Web page caption snippets:
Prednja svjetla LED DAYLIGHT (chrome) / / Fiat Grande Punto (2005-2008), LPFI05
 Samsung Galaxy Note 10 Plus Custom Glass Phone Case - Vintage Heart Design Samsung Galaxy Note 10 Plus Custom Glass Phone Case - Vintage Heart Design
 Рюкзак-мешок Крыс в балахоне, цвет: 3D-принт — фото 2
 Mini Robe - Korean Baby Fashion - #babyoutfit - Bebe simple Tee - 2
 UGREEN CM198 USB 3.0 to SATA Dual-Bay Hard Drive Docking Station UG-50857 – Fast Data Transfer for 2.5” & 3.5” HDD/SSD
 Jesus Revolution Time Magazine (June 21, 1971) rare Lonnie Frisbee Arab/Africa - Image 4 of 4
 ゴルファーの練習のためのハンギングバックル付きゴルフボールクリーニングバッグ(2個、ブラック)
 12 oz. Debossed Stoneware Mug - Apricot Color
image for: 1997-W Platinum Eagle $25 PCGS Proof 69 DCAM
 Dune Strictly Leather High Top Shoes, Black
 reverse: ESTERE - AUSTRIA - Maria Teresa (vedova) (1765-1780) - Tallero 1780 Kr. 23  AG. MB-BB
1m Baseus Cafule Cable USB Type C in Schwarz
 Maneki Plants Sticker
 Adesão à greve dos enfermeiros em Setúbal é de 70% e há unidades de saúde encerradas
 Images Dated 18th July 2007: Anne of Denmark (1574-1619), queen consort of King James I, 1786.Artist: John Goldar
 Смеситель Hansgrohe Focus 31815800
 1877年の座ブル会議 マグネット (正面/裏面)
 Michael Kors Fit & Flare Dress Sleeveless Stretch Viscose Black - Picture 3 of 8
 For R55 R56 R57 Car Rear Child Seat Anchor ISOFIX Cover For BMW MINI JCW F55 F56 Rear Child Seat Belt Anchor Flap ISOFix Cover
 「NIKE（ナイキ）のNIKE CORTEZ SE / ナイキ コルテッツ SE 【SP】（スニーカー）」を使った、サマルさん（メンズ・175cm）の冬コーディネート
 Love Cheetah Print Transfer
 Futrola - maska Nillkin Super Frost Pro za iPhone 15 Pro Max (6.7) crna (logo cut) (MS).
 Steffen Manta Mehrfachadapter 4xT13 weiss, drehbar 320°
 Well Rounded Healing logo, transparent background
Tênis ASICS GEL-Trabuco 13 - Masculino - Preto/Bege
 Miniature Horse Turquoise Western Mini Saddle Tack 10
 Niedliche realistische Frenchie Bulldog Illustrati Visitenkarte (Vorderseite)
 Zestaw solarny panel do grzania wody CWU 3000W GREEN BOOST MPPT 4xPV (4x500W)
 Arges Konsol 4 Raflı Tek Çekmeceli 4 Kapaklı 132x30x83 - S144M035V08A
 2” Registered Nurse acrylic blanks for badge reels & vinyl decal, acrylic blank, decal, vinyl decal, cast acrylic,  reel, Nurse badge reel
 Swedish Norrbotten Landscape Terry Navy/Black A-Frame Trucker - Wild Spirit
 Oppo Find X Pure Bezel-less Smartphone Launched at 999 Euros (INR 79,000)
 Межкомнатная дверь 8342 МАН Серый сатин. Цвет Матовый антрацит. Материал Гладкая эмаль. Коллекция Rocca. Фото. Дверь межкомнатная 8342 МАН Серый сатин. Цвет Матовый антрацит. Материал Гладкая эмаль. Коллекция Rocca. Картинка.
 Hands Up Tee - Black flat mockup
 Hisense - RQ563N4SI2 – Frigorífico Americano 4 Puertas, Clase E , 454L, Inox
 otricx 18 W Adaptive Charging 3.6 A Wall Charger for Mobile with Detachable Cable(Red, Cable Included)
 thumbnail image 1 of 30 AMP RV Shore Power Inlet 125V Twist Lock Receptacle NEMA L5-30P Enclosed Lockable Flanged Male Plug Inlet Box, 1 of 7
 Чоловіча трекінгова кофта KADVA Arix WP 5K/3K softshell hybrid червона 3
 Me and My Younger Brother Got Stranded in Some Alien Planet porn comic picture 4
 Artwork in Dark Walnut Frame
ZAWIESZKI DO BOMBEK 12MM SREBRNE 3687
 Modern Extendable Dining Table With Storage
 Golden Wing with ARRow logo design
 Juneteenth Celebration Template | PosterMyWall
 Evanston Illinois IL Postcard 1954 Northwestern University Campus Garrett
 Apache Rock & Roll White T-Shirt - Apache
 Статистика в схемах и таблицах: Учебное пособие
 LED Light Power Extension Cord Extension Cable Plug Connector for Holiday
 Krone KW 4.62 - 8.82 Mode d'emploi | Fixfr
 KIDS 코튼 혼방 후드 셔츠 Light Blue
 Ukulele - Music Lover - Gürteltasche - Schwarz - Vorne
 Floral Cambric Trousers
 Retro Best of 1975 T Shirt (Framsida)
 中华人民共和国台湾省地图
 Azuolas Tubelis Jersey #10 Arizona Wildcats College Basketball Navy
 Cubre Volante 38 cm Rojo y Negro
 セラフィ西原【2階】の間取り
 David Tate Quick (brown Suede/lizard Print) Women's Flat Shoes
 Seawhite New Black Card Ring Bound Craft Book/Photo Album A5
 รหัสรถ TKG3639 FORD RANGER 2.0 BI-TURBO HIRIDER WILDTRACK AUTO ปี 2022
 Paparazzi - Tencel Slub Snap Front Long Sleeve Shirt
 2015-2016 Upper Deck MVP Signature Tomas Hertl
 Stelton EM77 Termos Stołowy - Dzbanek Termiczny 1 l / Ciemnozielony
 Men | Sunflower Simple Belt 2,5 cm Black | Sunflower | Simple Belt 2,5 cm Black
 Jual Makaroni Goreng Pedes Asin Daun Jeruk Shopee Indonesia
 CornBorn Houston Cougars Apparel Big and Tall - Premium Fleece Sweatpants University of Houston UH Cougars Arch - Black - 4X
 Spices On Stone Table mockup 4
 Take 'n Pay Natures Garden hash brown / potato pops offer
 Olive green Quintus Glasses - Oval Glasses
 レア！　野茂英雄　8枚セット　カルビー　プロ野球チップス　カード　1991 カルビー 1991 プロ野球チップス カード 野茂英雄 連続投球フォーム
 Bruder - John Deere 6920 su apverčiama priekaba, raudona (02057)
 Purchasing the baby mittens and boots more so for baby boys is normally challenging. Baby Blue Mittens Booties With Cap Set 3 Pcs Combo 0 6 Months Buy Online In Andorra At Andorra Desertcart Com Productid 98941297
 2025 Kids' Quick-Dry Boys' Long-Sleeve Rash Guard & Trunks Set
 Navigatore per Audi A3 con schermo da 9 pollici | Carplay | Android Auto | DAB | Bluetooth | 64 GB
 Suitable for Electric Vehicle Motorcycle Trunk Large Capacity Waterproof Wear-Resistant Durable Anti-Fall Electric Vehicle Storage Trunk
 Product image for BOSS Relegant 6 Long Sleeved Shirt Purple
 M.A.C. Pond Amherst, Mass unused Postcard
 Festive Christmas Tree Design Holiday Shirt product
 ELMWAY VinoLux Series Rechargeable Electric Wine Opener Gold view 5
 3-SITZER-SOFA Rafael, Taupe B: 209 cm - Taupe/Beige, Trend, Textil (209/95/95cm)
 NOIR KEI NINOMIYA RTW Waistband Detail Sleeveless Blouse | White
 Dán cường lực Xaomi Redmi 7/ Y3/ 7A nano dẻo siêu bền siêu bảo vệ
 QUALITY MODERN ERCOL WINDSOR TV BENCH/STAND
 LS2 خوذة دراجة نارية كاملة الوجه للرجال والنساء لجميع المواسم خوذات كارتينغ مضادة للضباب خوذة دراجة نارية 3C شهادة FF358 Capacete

*Brief*. A verbatim transcription is needed of the lines above, starting at the line with "Tênis ASICS GEL-Trabuco" and ending at the line with "Nurse badge reel", both included, and of nothing else.

*Expected answer*.
Tênis ASICS GEL-Trabuco 13 - Masculino - Preto/Bege
 Miniature Horse Turquoise Western Mini Saddle Tack 10
 Niedliche realistische Frenchie Bulldog Illustrati Visitenkarte (Vorderseite)
 Zestaw solarny panel do grzania wody CWU 3000W GREEN BOOST MPPT 4xPV (4x500W)
 Arges Konsol 4 Raflı Tek Çekmeceli 4 Kapaklı 132x30x83 - S144M035V08A
 2” Registered Nurse acrylic blanks for badge reels & vinyl decal, acrylic blank, decal, vinyl decal, cast acrylic,  reel, Nurse badge reel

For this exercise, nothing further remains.